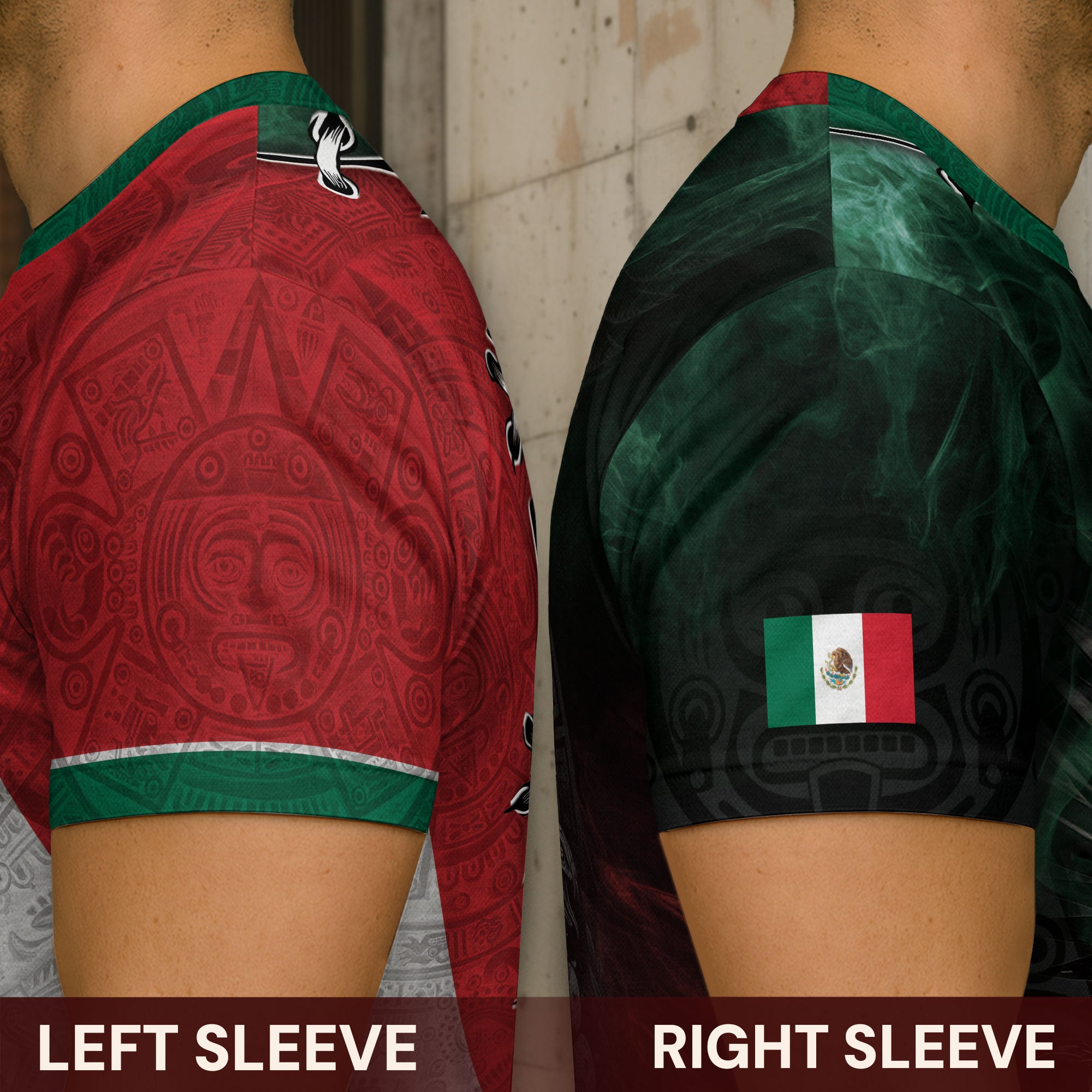 Mexico Flag Eagle Aztec Warrior Heritage Pride Spirit Legacy Shirt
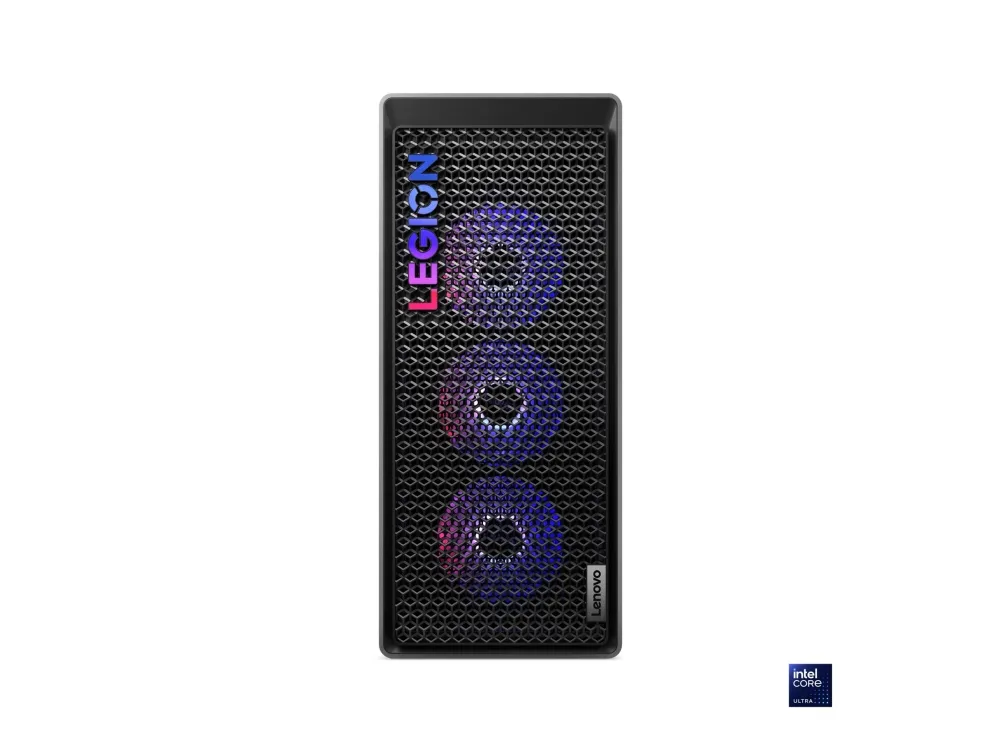 Lenovo Legion T7 34IAS10 90Y6 - Tower gaming - Core Ultra 9 285K / op til 5.6 GHz - RAM 64 GB - SSD 2 x 1 TB - NVMe - GeForce RTX 5080 - Gigabit Ethernet, 2.5 Gigabit Ethernet, IEEE 802.11ax (Wi-Fi 6), Bluetooth 5.4, IEEE 802.11be (Wi-Fi 7) - Win 11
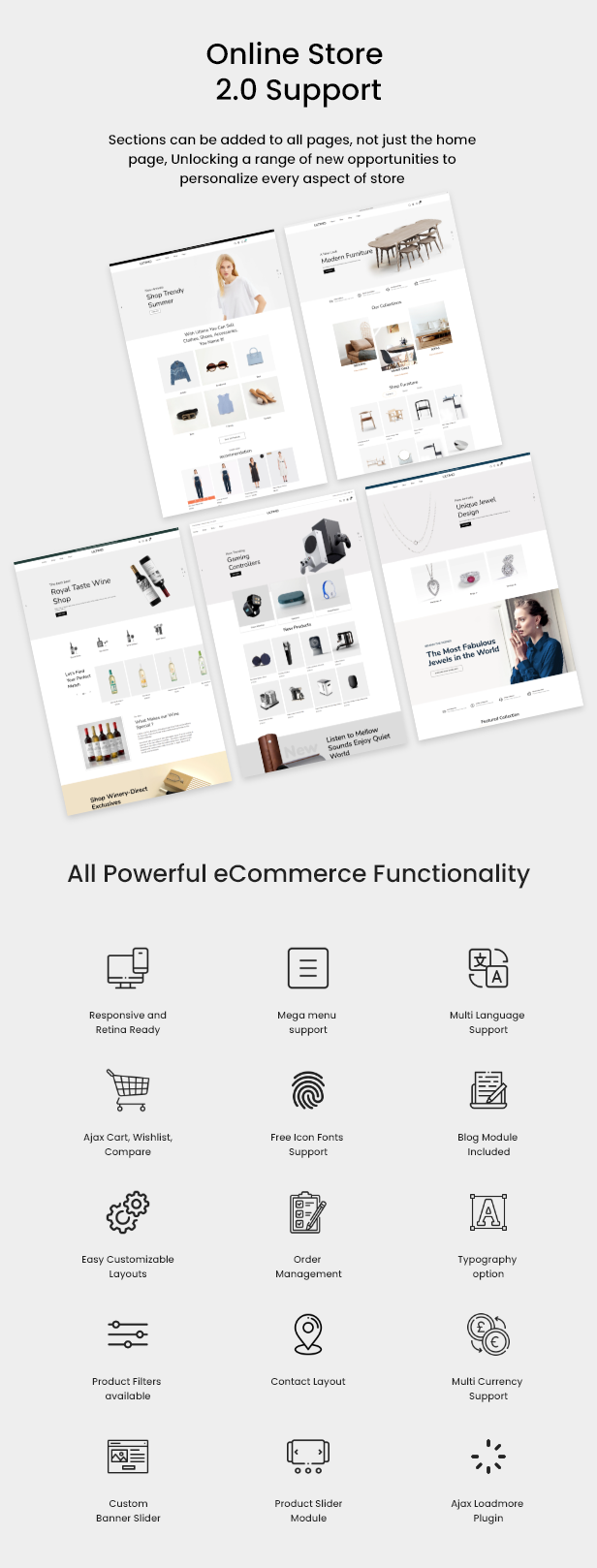 Ultimo - Multipurpose Shopify Theme OS 2.0 - 1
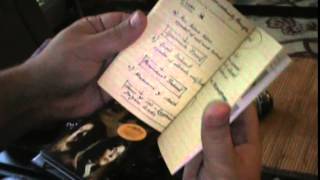 The DaVinci Code Cryptex and Robert Langdons Journal Movie Prop Reproduction [upl. by Lybis175]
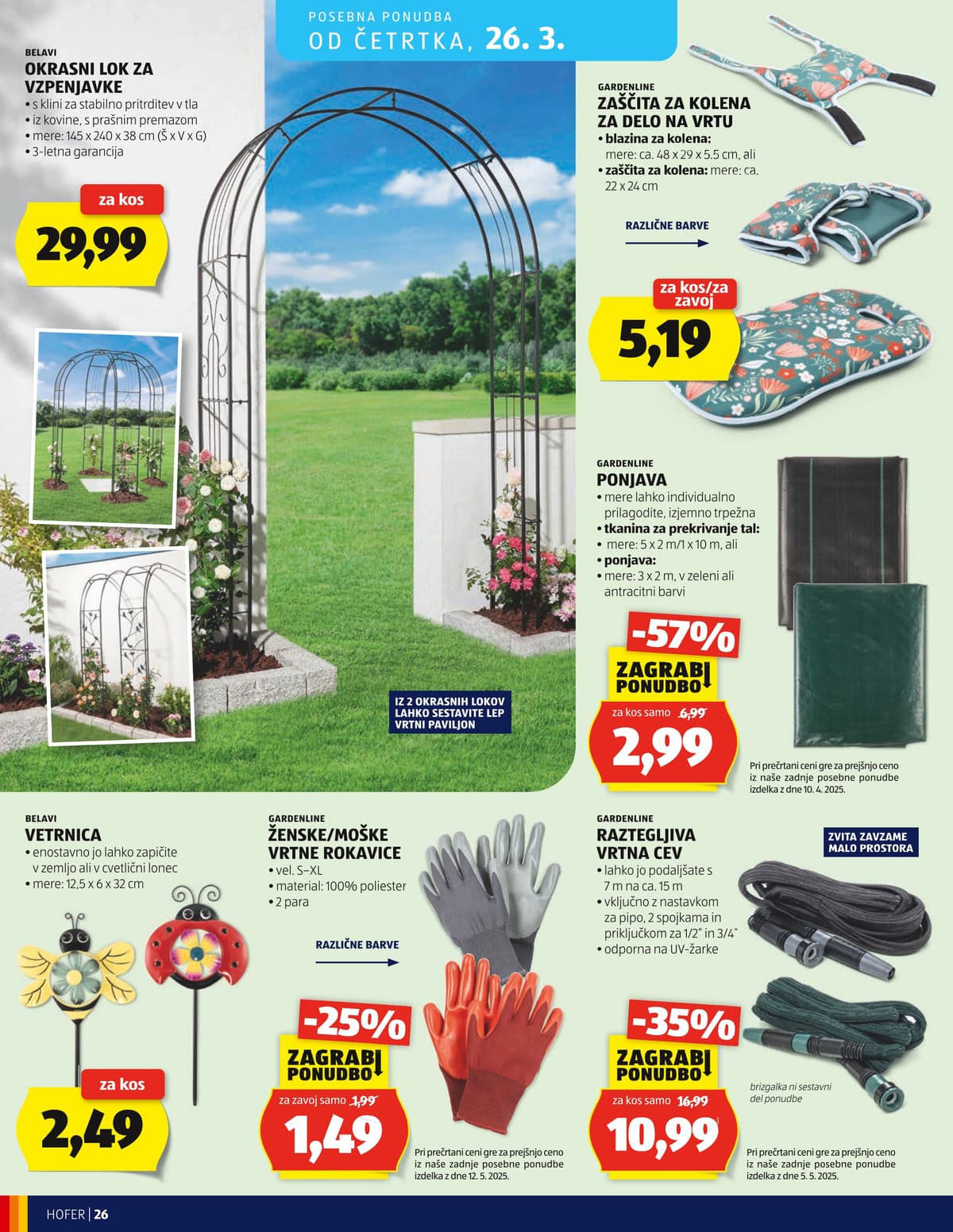 Stran 26. Hofer kataloga - Akcijska Ponudba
---
_Problem requirements_
This task calls for the lines from the line holding "Lenovo Legion T7" through the last line above, restated word for word with both ends included and the pictures dropped.

_Worked solution_
 Lenovo Legion T7 34IAS10 90Y6 - Tower gaming - Core Ultra 9 285K / op til 5.6 GHz - RAM 64 GB - SSD 2 x 1 TB - NVMe - GeForce RTX 5080 - Gigabit Ethernet, 2.5 Gigabit Ethernet, IEEE 802.11ax (Wi-Fi 6), Bluetooth 5.4, IEEE 802.11be (Wi-Fi 7) - Win 11
 Ultimo - Multipurpose Shopify Theme OS 2.0 - 1
 The DaVinci Code Cryptex and Robert Langdons Journal Movie Prop Reproduction [upl. by Lybis175]
 Stran 26. Hofer kataloga - Akcijska Ponudba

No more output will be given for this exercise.